TLS, as a protocol, combines many of the pieces we have discussed. At the beginning of communication, the two sides must negotiate to determine the set of algorithms (including key lengths) that will be used for its connection. This set of algorithms is called the ciphersuite. That means that, for security, it is important to have good default configurations and to have the software configured correctly when deploying it.

Perhaps most important, however, are the key pieces of advice: do not create your own cryptographic algorithms or protocols, and do not create your own implementations. Instead, reuse well-respected algorithms, protocols, and implementations. When configuring cryptography, look for current well-respected advice. Examples of such sources include Mozilla’s Security/Server Side TLS site, NIST (especially NIST’s Recommendation for Key Management: Part 1 - General), and CISCO’s Next Generation Cryptography.

Constant Time Algorithms

Constant-time algorithms, especially constant-time comparisons. Many algorithms take a variable amount of time depending on their data. For example, if you want to determine if two arrays are equal, usually that comparison would stop on the first unequal value.

The normal comparison operations (such as is-equal) try to minimize execution time, and this can sometimes leak timing information about the values to attackers. If an attacker could repeatedly send in data and notice that a comparison of a value beginning with “0” takes longer than one that does not, then the first value it is compared to must be “0”. The attacker can then repeatedly guess the second digit, then the third, and so on.

Constant-time comparisons are comparisons (usually equality) that take the same time no matter what data is provided to them. These are not the same as O(1) operations in computer science. Examples of these constant-time comparison functions are:

  • Node.js: crypto.timingSafeEqual

  • Ruby on Rails: ActiveSupport::SecurityUtils secure_compare and fixed_length_secure_compare

  • Java: MessageDigest.equal (assuming you are not using an ancient version of Java). Whenever you compare secret values or cryptographic values (such as session keys), use a constant-time comparison instead of a normal comparison, unless an attacker cannot exploit the normal comparison timing.

Minimizing the Time Keys/Decrypted Data Exists

As per least privilege, we want to minimize the time a privilege is active.

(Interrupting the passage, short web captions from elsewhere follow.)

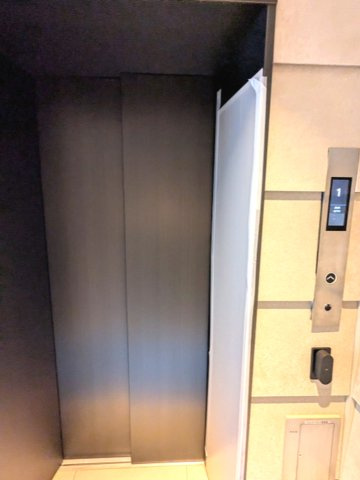 Urbanex日本橋馬喰町Ⅱの設備|鍵がないと作動しない防犯モニター付セキュリティエレベーターです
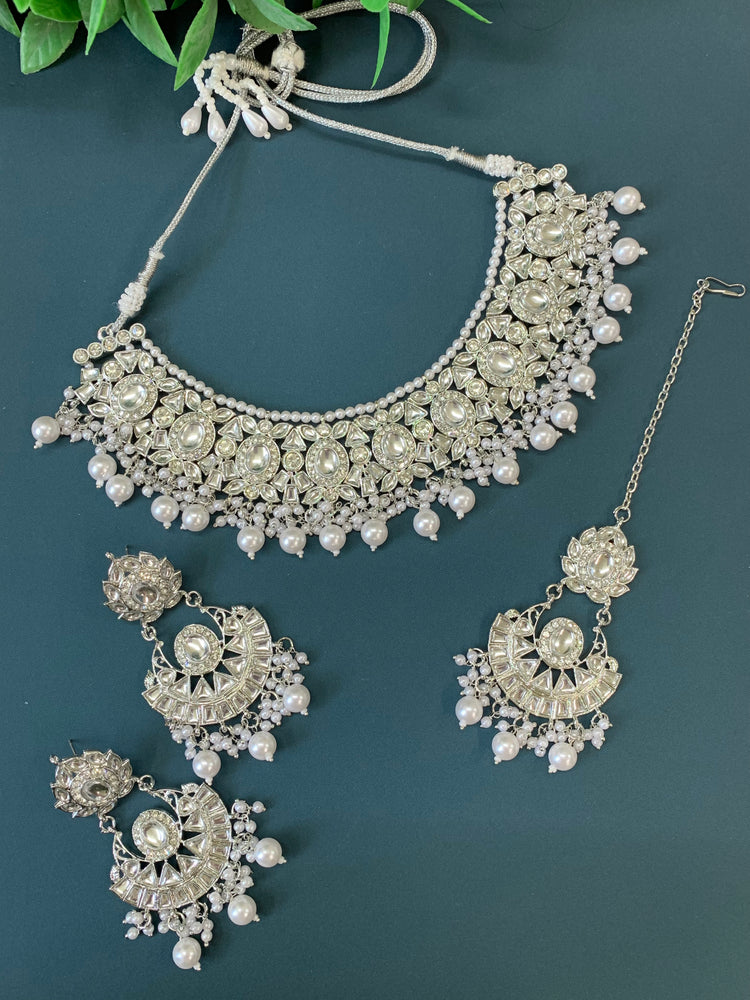 Suhana necklace set with matching earring tikka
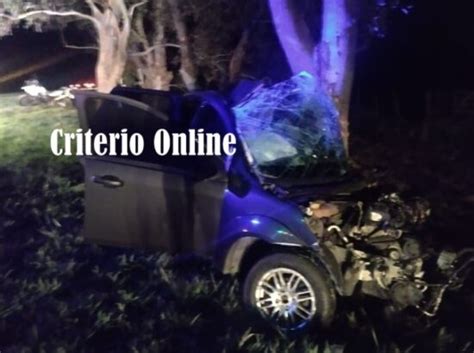 Dolores Trágico Accidente En Ruta 63 Dos Personas Pierden La Vida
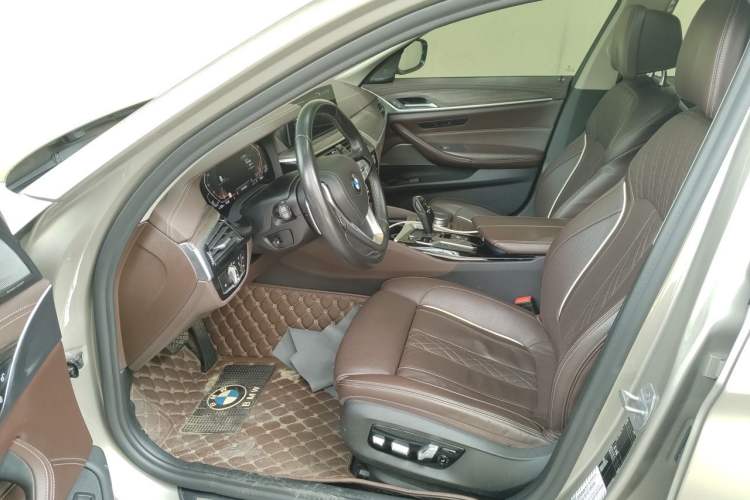 Used BMW 5 Series 2020 530Li Luxury Edition Premium Package Left Front Seat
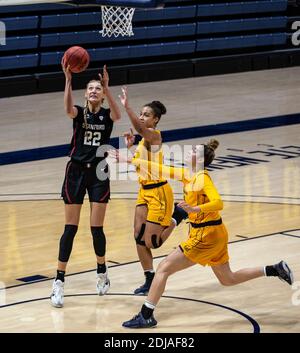 Berkeley, CA, USA, 13. Dezember 2020. A. Stanford Cardinal Forward Cameron Brink (22) punktet in der Farbe während der NCAA Frauen Basketball Spiel zwischen Stanford Cardinal und den California Golden Bears 83-38 Sieg im Hass Pavilion Berkeley Calif. Thurman James/CSM/Alamy Live News Stockfoto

In cryptography, you often want to minimize the time a private key or password is available, or at least minimize the time that the decrypted data is available. This can be harder that you might think. At the operating system level, you can probably lock it into memory with mlock() or VirtualLock(); this will at least prevent the data from being copied into storage. Ideally, you would erase it from memory after use, though that is often surprisingly difficult. Compilers may turn overwrite code into a no-op, because they detect that nothing reads the overwritten values. Languages with built-in garbage collection often quietly make extra copies and/or do not provide a mechanism for erasure. That said, some languages or infrastructure do make this easy. For example, those using the .NET framework (e.g., C#) can use SecureString.

Incident Response and Vulnerability Disclosure

The nonprofit Forum of Incident Response and Security Teams (FIRST) defines a PSIRT as “an entity within an organization which focuses on the identification, assessment and disposition of the risks associated with security vulnerabilities within the products, including offerings, solutions, components and/or services which an organization produces and/or sells” (FIRST: Product Security Incident Response Team (PSIRT) Services Framework and Computer Security Incident Response Team (CSIRT) Services Framework). FIRST recommends that PSIRTs be formed while requirements are still being developed, but they should at least be created before the initial release of the software. A properly-running PSIRT can identify and rapidly respond to an extremely serious vulnerability report.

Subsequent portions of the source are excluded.